# Space marine tactics against tyranids



## satanic ruin (Apr 28, 2010)

i recently hadd a 900 point battle against tyranids, i had a chapter master supported by five vanguards, two tactical squads with flamers and heavy bolters and three dev squads, two with lascannons, plasma cannons and heavy bolters, those two had either a missile launcher or multi-melta, the third tactical squad had four missile launcher.
my tactics involved having the three dev squads aiming for the same squad until it was destroyed, my chapter master camedown the first turn and then attacked the flank of the enemy army, my tactical squads would then protect the dev squads from enemies that get too close
is this a good tactic to use again


----------



## HeadlessScarecrow (Apr 20, 2010)

you've got the basic jist of taking down some nids. the only thing i would suggest is that maybe dropping your chapter master in the thick might not be a good idea. i would suggest keeping him back with your other squads until the nids get too close, then charging the nids if possible to prevent them from charging you. another good plan would be to take a rhino with a tac squad inside holding a flamer so you can make drive by's with the flamer template, making it much easier to take out large squads of gaunts, leaving your other squads to be able to focus on other things.

also in bigger games i would suggest blast templates, of any kind. if you take a vindicator you can demolish any MC squad in no time. a whirlwind may also be a good plan to take out lesser nids.

other than that it looks like you have a good plan. but that's always subject to change based on what the nids have in their army and how many points you are playing.


----------



## Barnster (Feb 11, 2010)

The key to taking down nids is to kill synapse ands MCs.

The worry is if you rely on your devs, a good tyranid player will DS/ or infiltraite to eat your squads. I would take a few tanks. Whirwinds to knock out out gaunts and preds to knonk out warriors. Scouts with snipers are also really good at MC killing


----------



## Shortseer (Sep 3, 2009)

shoot at max range for as long as you can. When you're cornered assault them before they can assault you.


----------



## Orochi (Jan 28, 2009)

Pedro Kantor and sternguard. Ammo for all targets. Combi plasma's will hurt like death too.


----------



## Kontempt (Dec 1, 2009)

My fav tactic was against Nids decked out for CC. Fire on them until they reached my side of the board then circle around behind with Ravenwing and drop 2 units of Deathwing on them.

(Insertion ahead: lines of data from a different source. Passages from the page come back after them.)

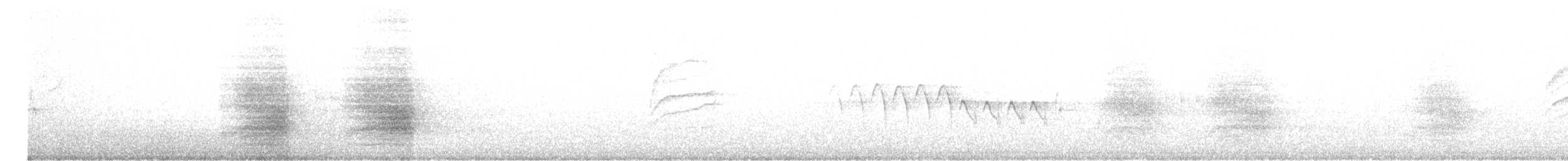 furuskrike (diademata gr.) - ML617851320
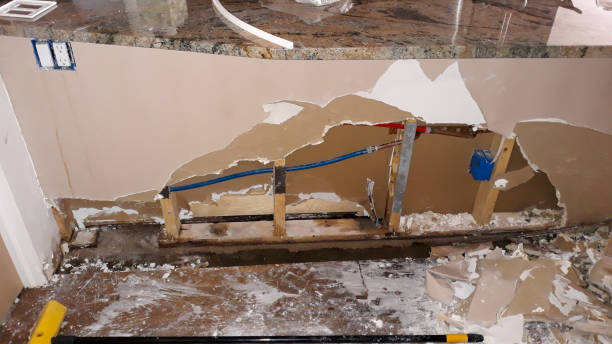 Best Carpet water damage restoration  in Westminster, SC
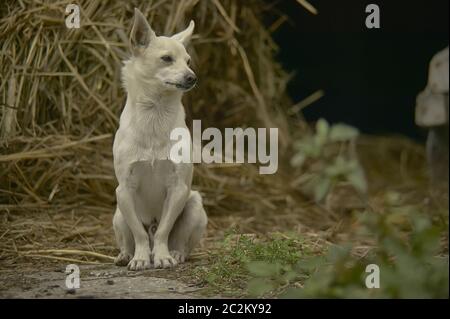 Piccolo Cane meticolosa seduto in una fase di stallo nel mezzo di paglia in un paesaggio di campagna. Foto Stock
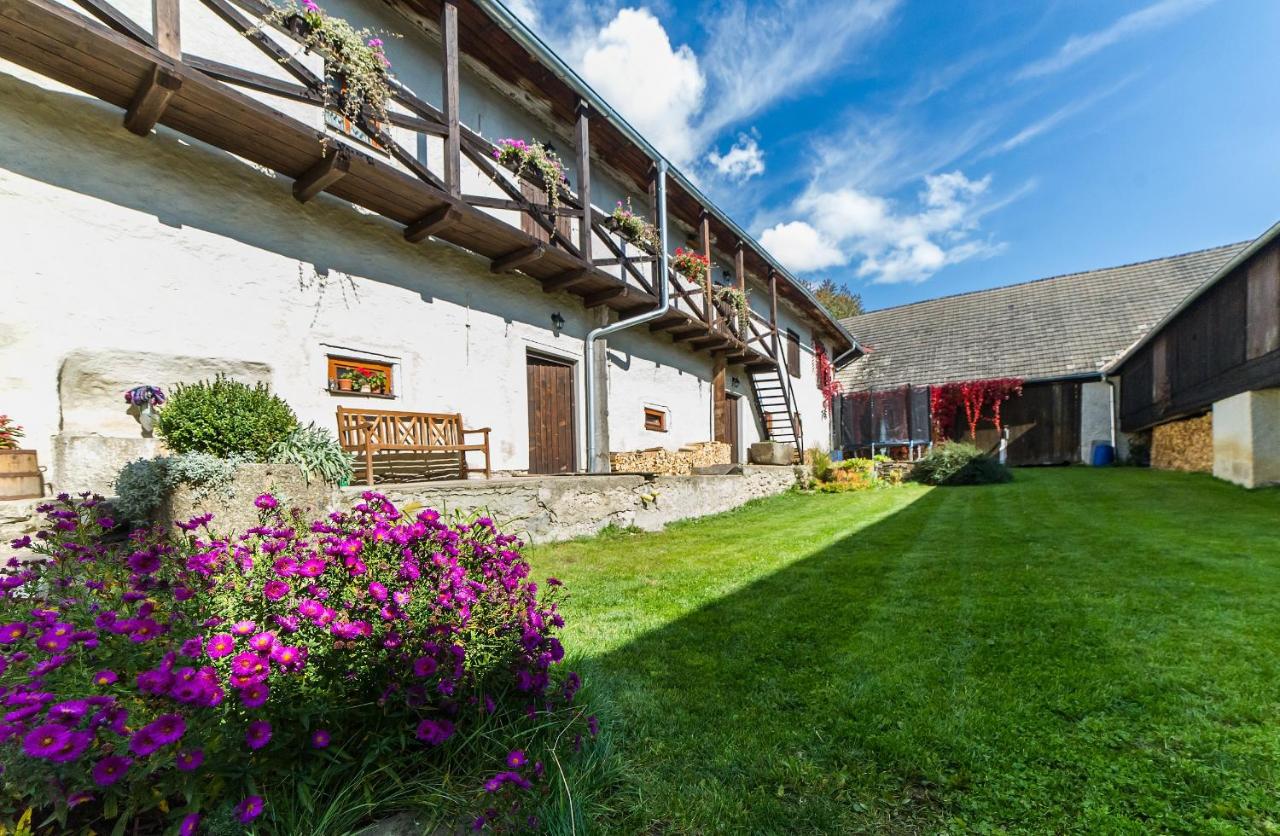 Pension U Řehoutů - B&B Horní Planá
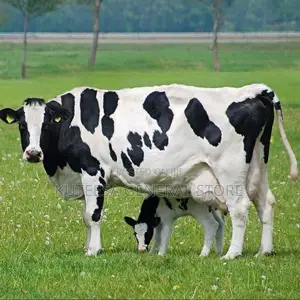 Fresh Milk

Squeeze in the vice!


----------



## satanic ruin (Apr 28, 2010)

my chapter master survived till the end, about 500 points went against him and the vanguards, this included a carnifex, by the end he had two wounds left and the sergeant was left, my deathwind toting drop-pod weakened anything that was heading against him


----------



## satanic ruin (Apr 28, 2010)

plus i have no tanks apart from the drop pod and two rhinos


----------